- [Task brief]: Work out how many lines in the listing below include the word "with". Give nothing but the number.

### Provided material

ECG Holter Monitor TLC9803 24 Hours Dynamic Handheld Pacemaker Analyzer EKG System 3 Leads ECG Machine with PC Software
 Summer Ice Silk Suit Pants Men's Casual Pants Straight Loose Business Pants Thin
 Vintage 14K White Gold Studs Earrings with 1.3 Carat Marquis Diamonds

######

- [Exercise answer]: 2